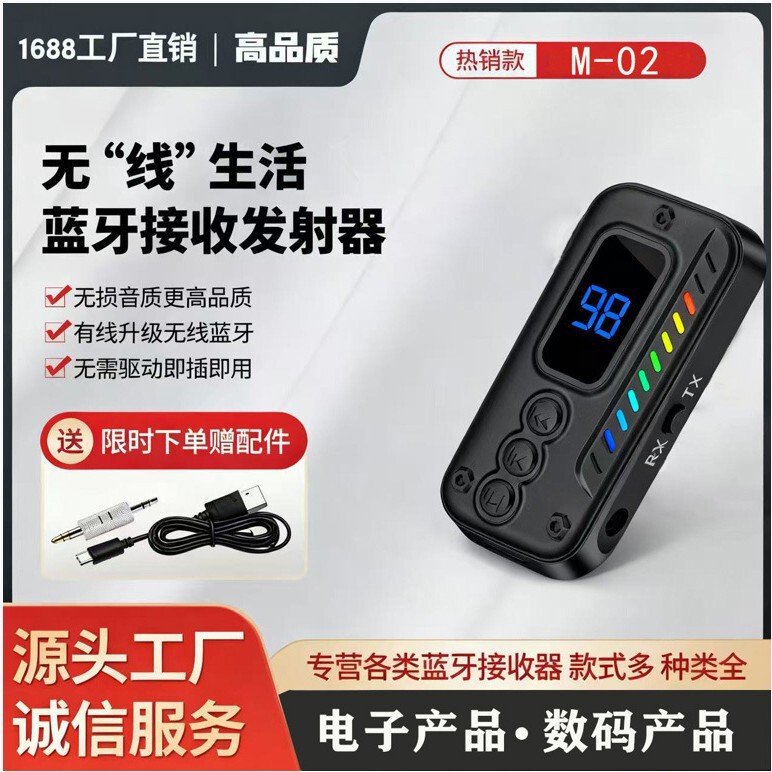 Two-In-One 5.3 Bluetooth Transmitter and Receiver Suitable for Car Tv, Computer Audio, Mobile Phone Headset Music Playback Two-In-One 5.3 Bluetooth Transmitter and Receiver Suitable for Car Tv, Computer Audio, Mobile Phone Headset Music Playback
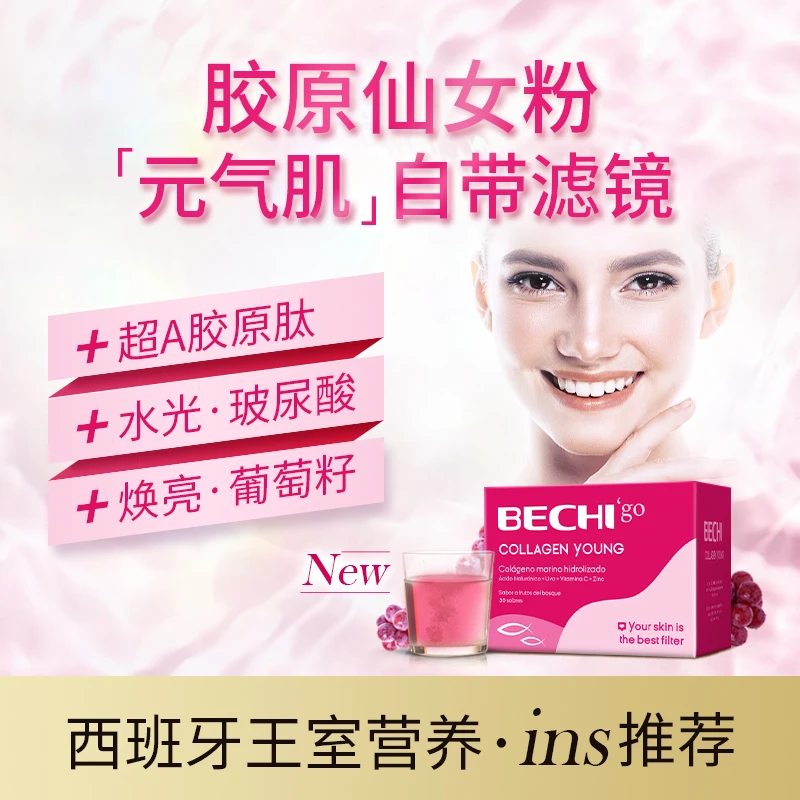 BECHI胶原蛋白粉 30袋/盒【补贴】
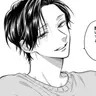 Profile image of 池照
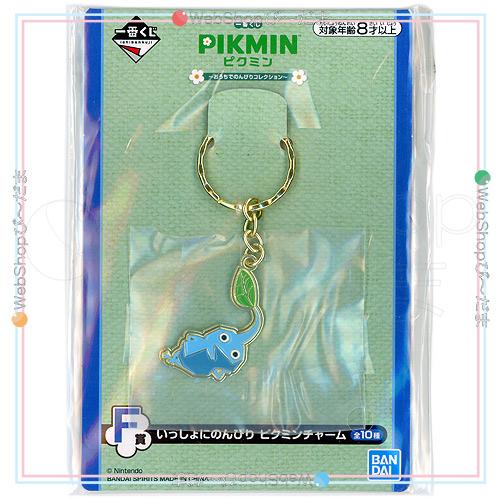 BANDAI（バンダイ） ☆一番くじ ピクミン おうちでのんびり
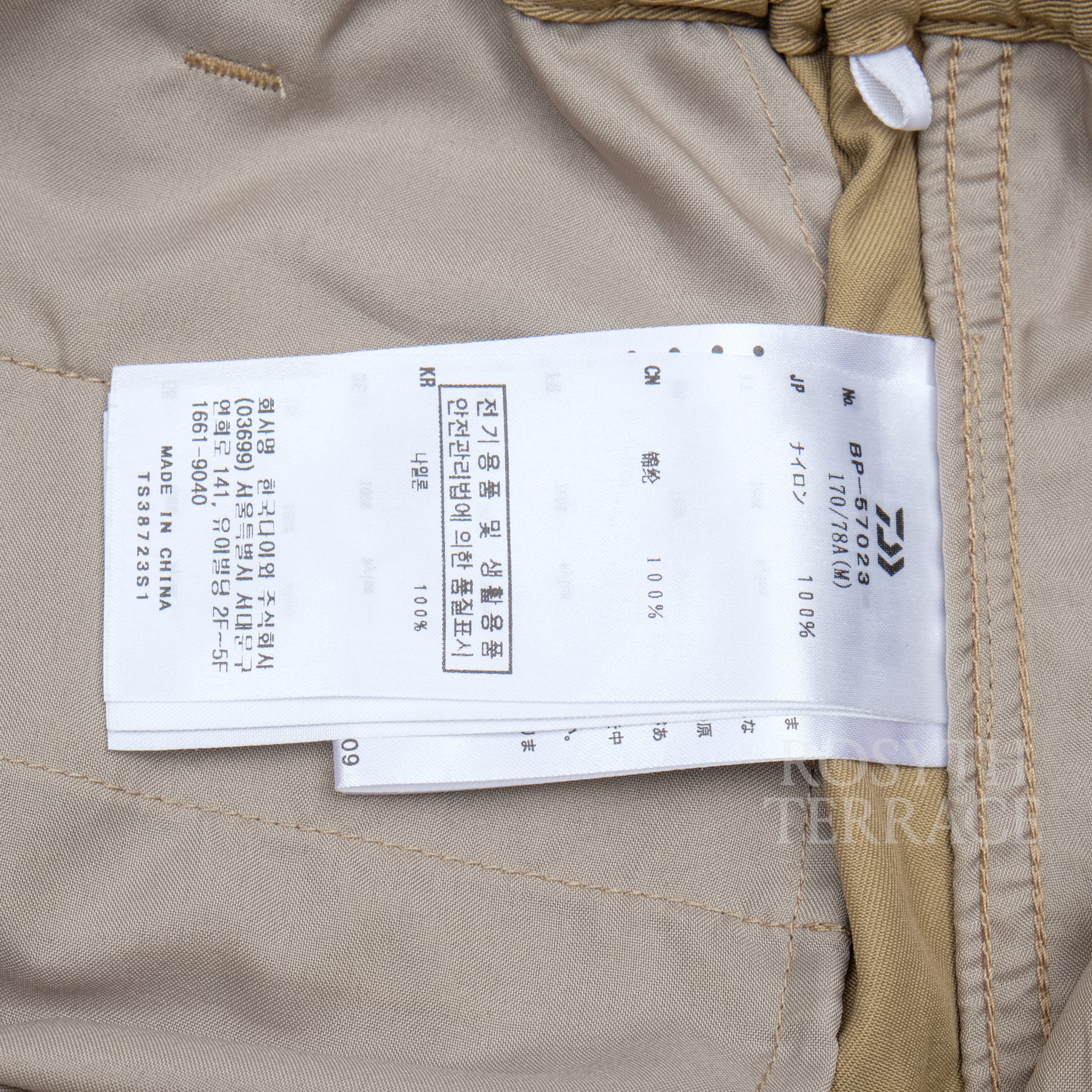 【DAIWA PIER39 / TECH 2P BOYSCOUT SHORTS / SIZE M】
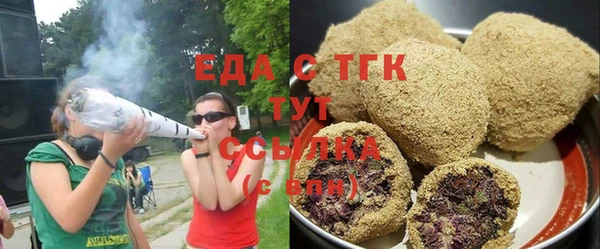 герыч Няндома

* * *

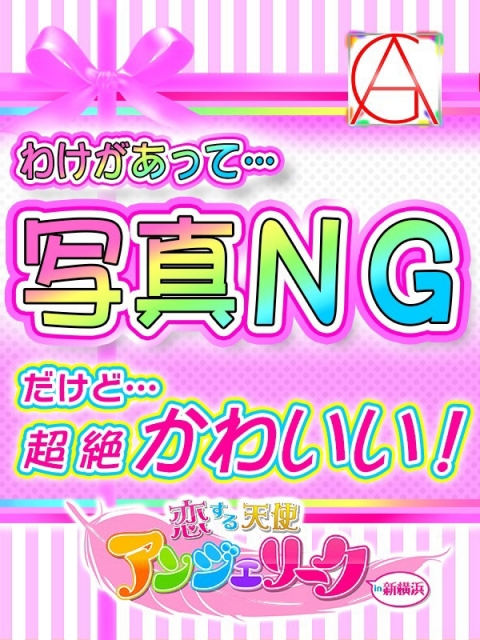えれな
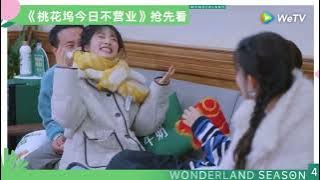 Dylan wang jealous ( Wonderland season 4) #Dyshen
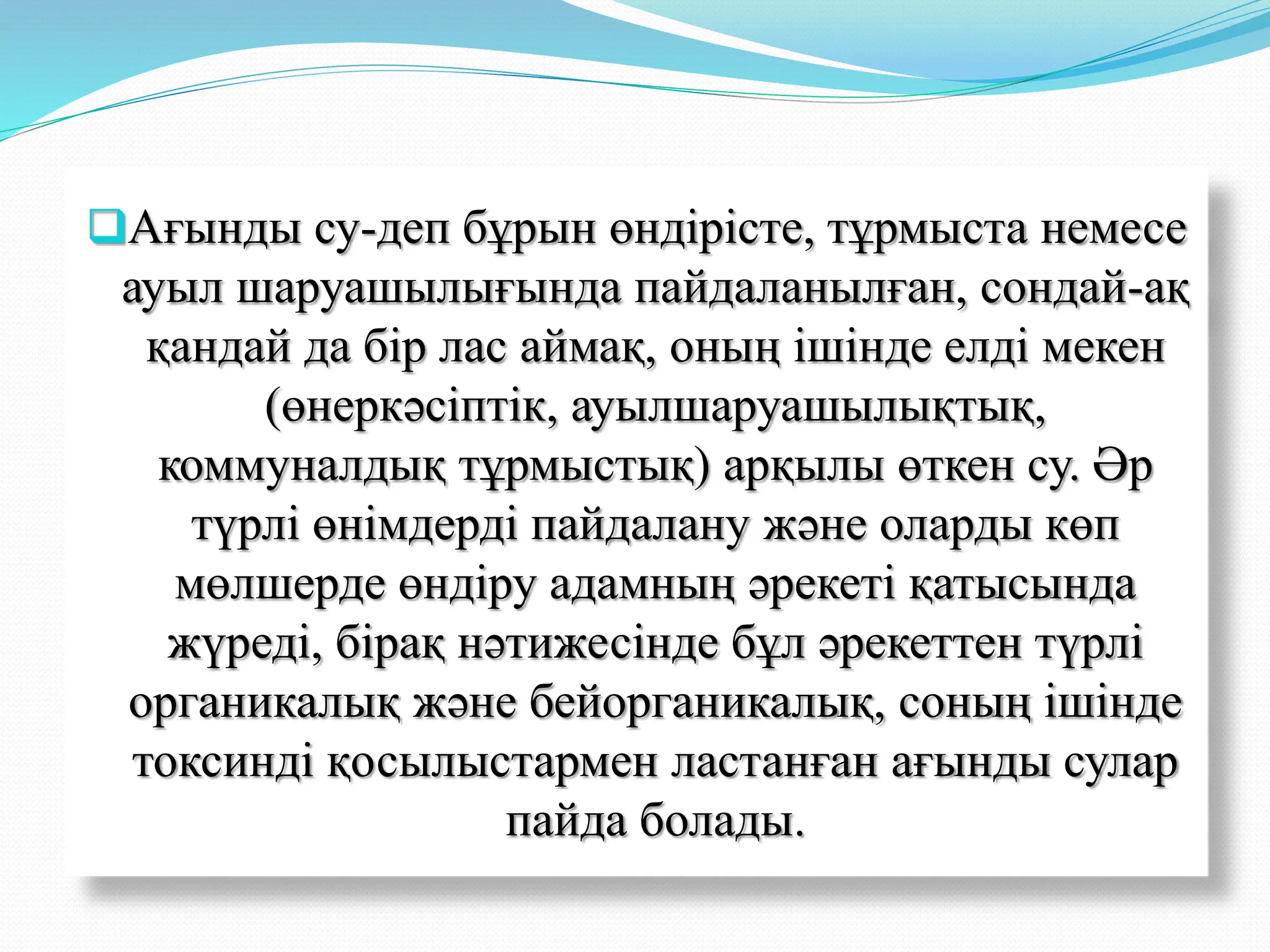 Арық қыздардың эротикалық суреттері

▶ WHAT THE TASK REQUIRES
A clean copy is needed of the lines above from the one with "Music Playback Two-In-One" up to and including the one with "Profile image of 池照". Please set it down exactly, with no pictures.

▶ OUTPUT FOR THIS TASK
 Two-In-One 5.3 Bluetooth Transmitter and Receiver Suitable for Car Tv, Computer Audio, Mobile Phone Headset Music Playback Two-In-One 5.3 Bluetooth Transmitter and Receiver Suitable for Car Tv, Computer Audio, Mobile Phone Headset Music Playback
 BECHI胶原蛋白粉 30袋/盒【补贴】
 Profile image of 池照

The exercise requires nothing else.